Your program is very different from the one in the article that you cited from preshing.com. The preshing.com program uses semaphores where yours uses mutexes.

Mutexes are simpler than semaphores. They only make one guarantee--that only one thread at a time can lock the mutex. That is to say, they can only be used for mutual exclusion.

The preshing.com program does something with its semaphores that you can't do with mutexes alone: It synchronizes the loops in the three threads so that they all proceed in lock-step. Thread1 and Thread2 each wait at the top of their loop until main() lets them go, and then main waits at the bottom of its loop until they have completed their work. Then they all go 'round again.

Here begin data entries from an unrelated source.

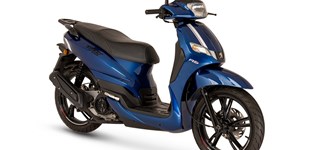 Peugeot Tweet 125 RS 2021 vs Honda SH125i 2022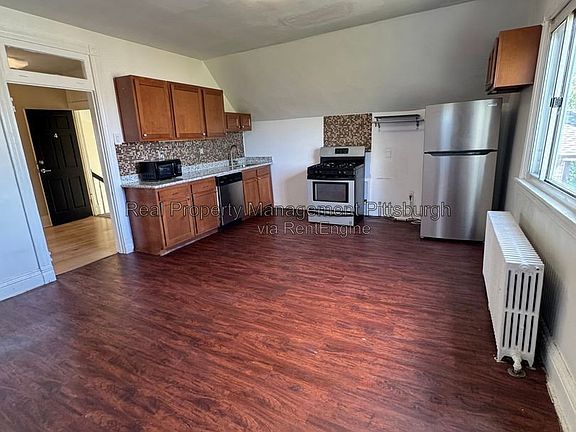 3rd image of 700 Ivy St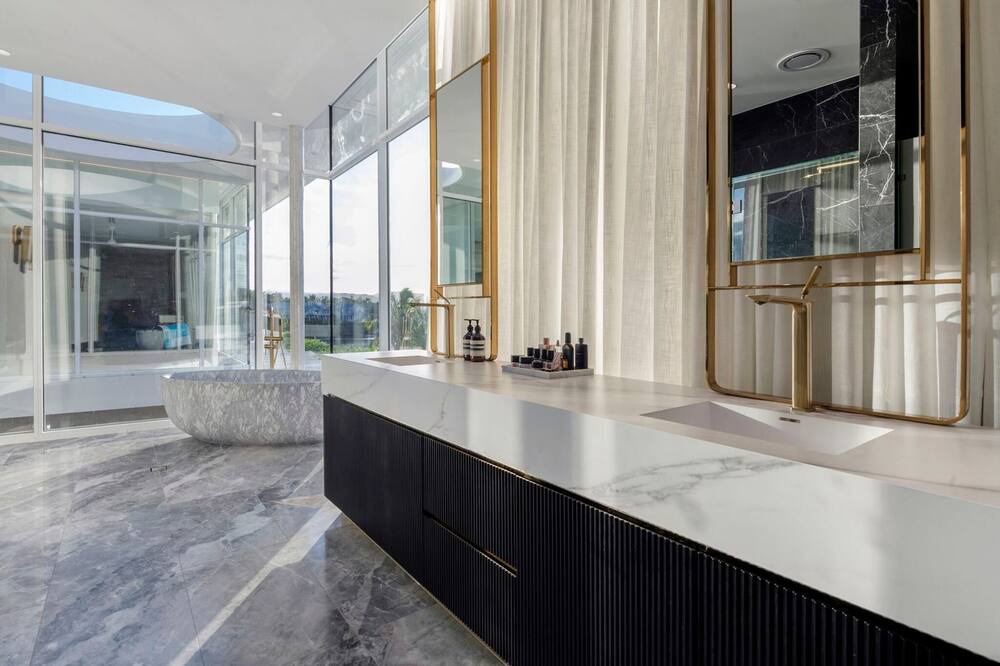 Photo of Bathroom in Mermaid Waters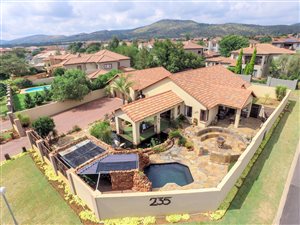 4 Bed House in Xanadu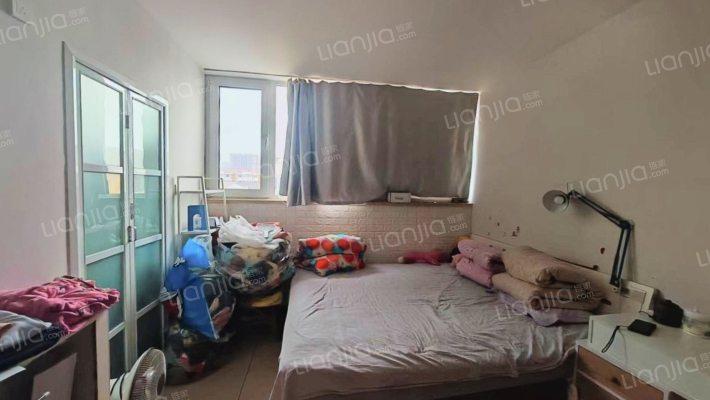 板楼，低密度小区，集中供暖，出门德信。-卧室B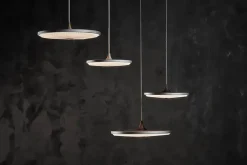 Soleil pendel small, røget eg, papir skærm fra Le Klint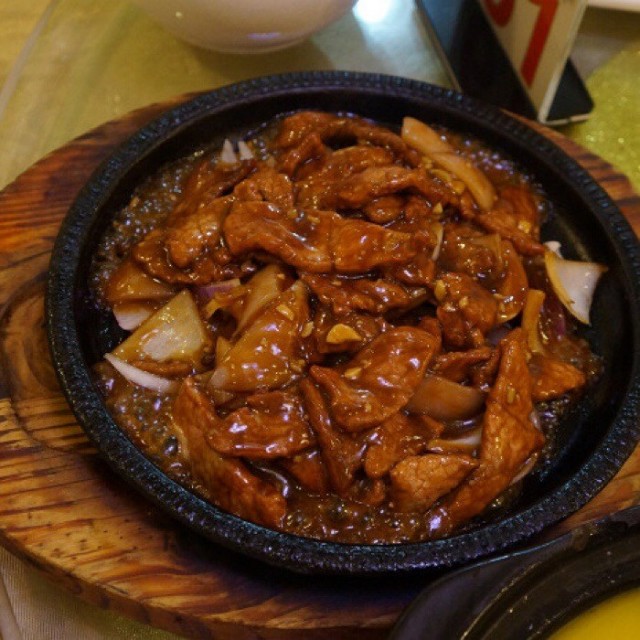 铁板黑椒牛柳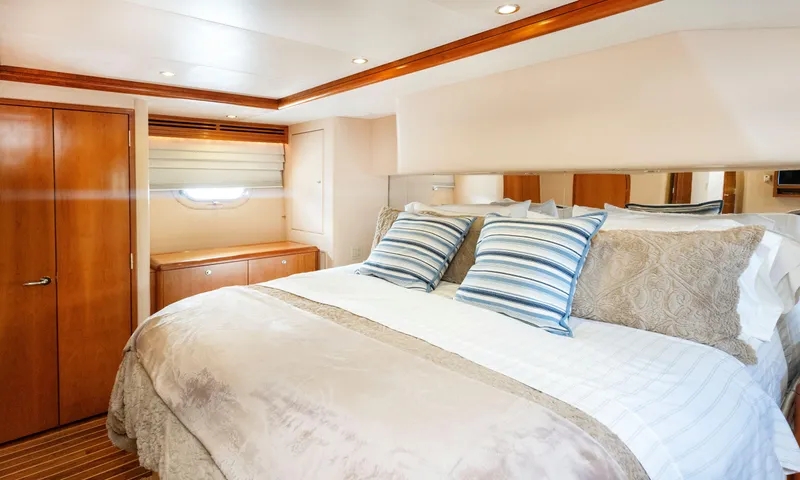 Alegria Yacht Photos Pics Hatteras 64 Motor Yacht 2007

You can't do that with mutexes. In your program, what prevents main from going around its loop thousands of times before either of the other two threads gets to run at all? Nothing but chance. Nor does anything prevent Thread1 and/or Thread2 from looping thousands of times while main() is blocked, waiting for its next time slice.

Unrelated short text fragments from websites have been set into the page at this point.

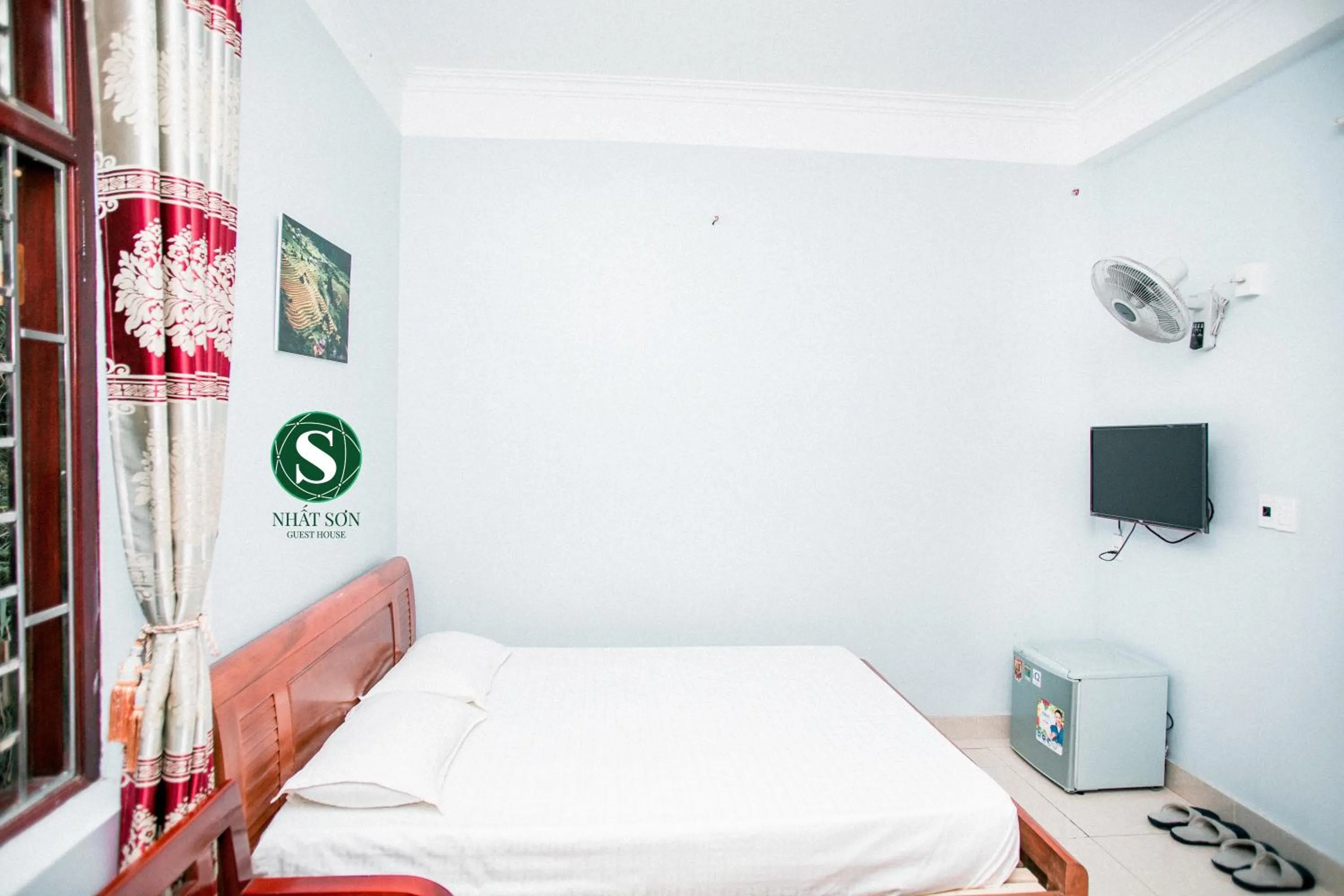 Bed in Nhat Son Guesthouse
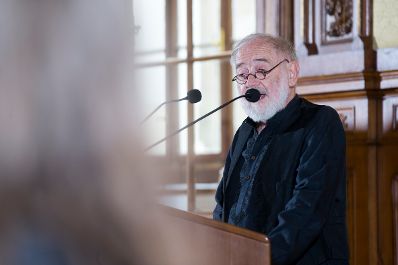Am 6. Juni 2017 überreichte Reinhold Hohengartner das Österreichische Ehrenkreuz für Wissenschaft und Kunst an Hans Hoffer. Im Bild der Laudator Kurt Schwertsik.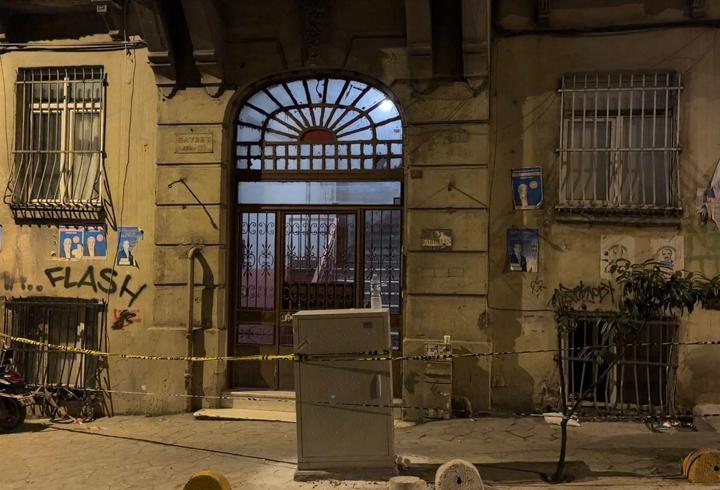 Beyoğlu'nda panik: Bina tahliye edildi!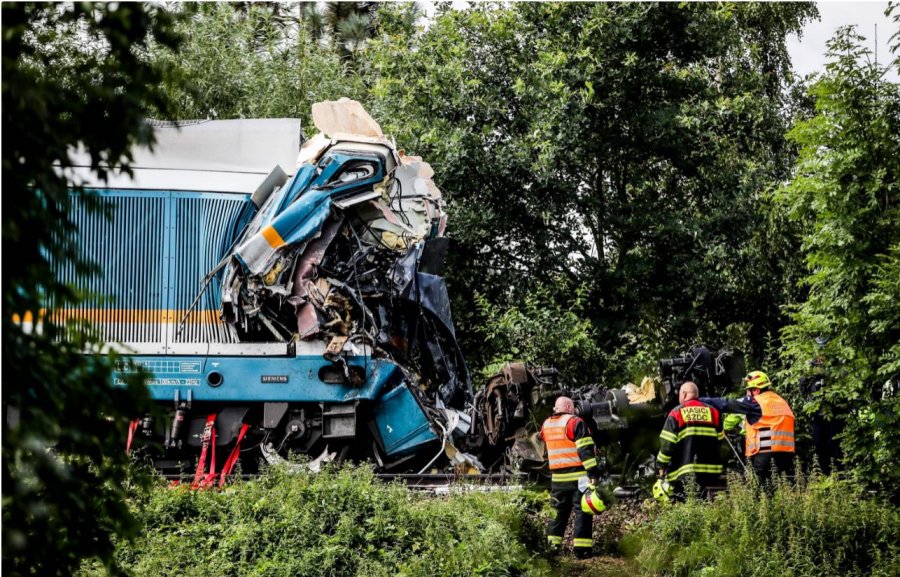Trenat përplasen ‘kokë më kokë’ në Çeki, 3 të vdekur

Remember, a semaphore is a counter. Look carefully at how the semaphores in the preshing.com are incremented and decremented by the threads, and you will see how it keeps the threads synchronized.

Question 2

I made the mistake of using the mutexes instead of the semaphores (thanks james large), this is the properly working code:

#include <mutex>
#include <condition_variable>
using namespace std;

class semaphore{
private:
    mutex mtx;
    condition_variable cv;
    int cnt;

public:
    semaphore(int count = 0):cnt(count){}
    void notify()
    {
        unique_lock<mutex> lck(mtx);
        ++cnt;
        cv.notify_one();
    }
    void wait()
    {
        unique_lock<mutex> lck(mtx);

        while(cnt == 0){
            cv.wait(lck);
        }
        --cnt;
    }
};

int a,b;
int r1,r2;
semaphore s1,s2,s3;

void th1()
{
    for(;;)
    {
        s1.wait();
        a=1;
        asm volatile("" ::: "memory");
        r1=b;
        s3.notify();
    }
}

void th2()
{
    for(;;)
    {
        s2.wait();
        b=1;
        asm volatile("" ::: "memory");
        r2=a;
        s3.notify();
    }
}

int main()
{
    int cnt{0};
    thread thread1{th1};
    thread thread2{th2};
    thread1.detach();
    thread2.detach();
    for(int i=0;i<100000;i++)
    {
        a=b=0;
        s1.notify();
        s2.notify();
        s3.wait();
        s3.wait();

        if(r1==0&&r2==0)
        {
            ++cnt;
        }
    }
    cout<<cnt<<" CPU reorders happened!\n";
}

The reordering seems to be properly reproduced.